In the past several years, the city has seen growth in its manufacturing and technology centers, including the campus of software giant Microsoft. Companies setting up business this year have included Pepsi Connect, a sales support center for PepsiAmericas, affiliated with Pepsi Cola. Alien Technologies, a firm focusing on RFID technology, opened in the city’s research and technology park and SYSCO has opened a distribution center. All in all, more than 600 jobs were created in Fargo in 2003. Two business parks – Sheyenne Industrial Park and Fargo Technology Park – are still promoting available space for manufacturers.

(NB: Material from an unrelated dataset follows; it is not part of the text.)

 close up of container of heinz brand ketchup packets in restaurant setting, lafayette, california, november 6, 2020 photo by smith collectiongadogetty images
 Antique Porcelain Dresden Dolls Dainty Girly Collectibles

“The overall positive business climate, and the associated low costs of living and doing business make this a favorable location,” Walters stresses. “I frequently hear from companies that have a presence here that we have the most productive work force.” (Fargo’s labor force has been shown to be 20 percent more productive than the national average.)

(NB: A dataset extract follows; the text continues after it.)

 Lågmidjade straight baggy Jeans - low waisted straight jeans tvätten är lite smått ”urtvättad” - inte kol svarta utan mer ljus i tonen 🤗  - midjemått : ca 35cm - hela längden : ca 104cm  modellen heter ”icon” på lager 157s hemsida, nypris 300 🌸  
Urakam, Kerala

Commissioner Lee Peterson of the North Dakota Department of Commerce adds that Fargo has been a “tremendous growth area for the state,” growing by about 25 percent in the last 10 years. “We really don’t have a reputation out in the world at all; in fact we’re virtually unknown. In recent years, we’ve tried to market our state and the advantages here.”

The Great Plains boom
So it seems the Great Plains has come of age in the technology driven 2000s by marketing itself as an untapped area, unbothered by crime, pollution and traffic woes that plague other areas, yet abounding in modern day technology and resources. Fargo offers easy access to transportation networks as well, being located at the intersection of I-29 and I-94. Air travelers are served by Northwest and United, with frequent direct flights to Denver, Chicago and Minneapolis, in addition to global connections. Amtrak provides rail service east and west from the downtown depot. Within Fargo, commuting couldn’t be easier, with the average commute time under 15 minutes. According to census figures, 172,757 people call the area home, undaunted by the cold.

“We have a harsh climate but the overall quality of life is excellent,” asserts Joel Dick, vice president and COO of Roman Meal Milling, producers of multi-grain mixes and toppings for foods such as doughnuts and dry batter mixes for the potato industry. “People who live here just learn to roll with the punches.” And despite a feisty winter season, the community, he adds, “is growing in leaps and bounds.”

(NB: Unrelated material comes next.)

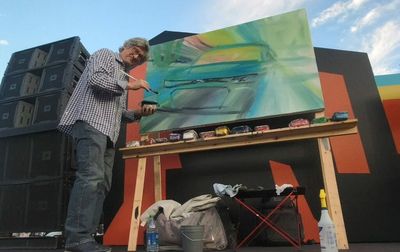 Meet the artist who live paints NASCAR’s champion within minutes of the checkered flag at Phoenix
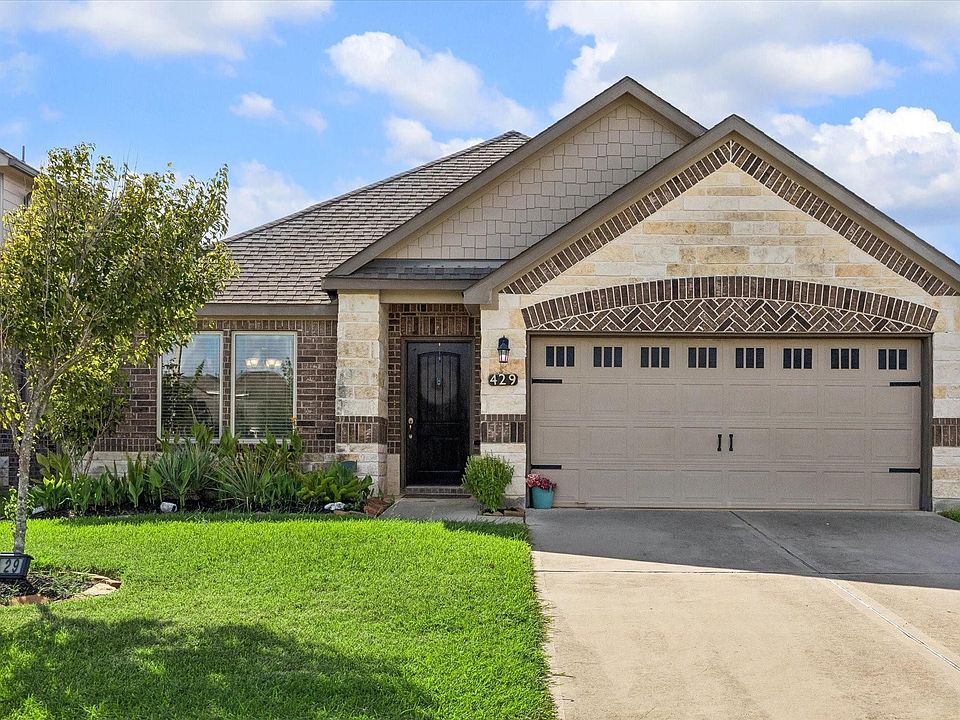 1st image of 429 Lake Line Dr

Rick Kasper, president and COO of Global Electric Motor Cars, a wholly owned subsidiary of DaimlerChrysler and manufacturer of low speed, two- and four-passenger electric vehicles (referred to as neighborhood electric vehicles), is a native of Fargo. From his perspective, the advantages of operating a business in Fargo include an ingrained “Midwestern farm work ethic,” which has bred a hard-working labor force. “We also get tremendous support from Mayor Bruce Furness and at the state level. The quality of life here is unequalled; it’s a great place to raise a family.”

Roger Levos, vice president of quality and supply management at Phoenix International, a wholly owned subsidiary of John Deere that produces electronic assemblies for harsh environment applications, says his company has taken advantage of the area’s academic foundation. Having two facilities in Fargo, the company sited one in the technology park on the campus of North Dakota University. Here, the company developed a new product introduction center, where products are developed and tested.

“I’ve been in manufacturing in excess of 30 years,” he says, “and I’ve done a fair amount of traveling to different manufacturing sites. What stands out for me is the people. In all my years here I think this is the strongest aspect of having a business in Fargo. This is a good environment in which to get things done. People here have an exceptionally good work ethic, and absenteeism is never a problem. The focus all the time is on the betterment of the customer.”

For all these reasons it seems Fargo is one of the best untapped economic resources, and an area that has taken its place in the country as one of the leading centers for business development.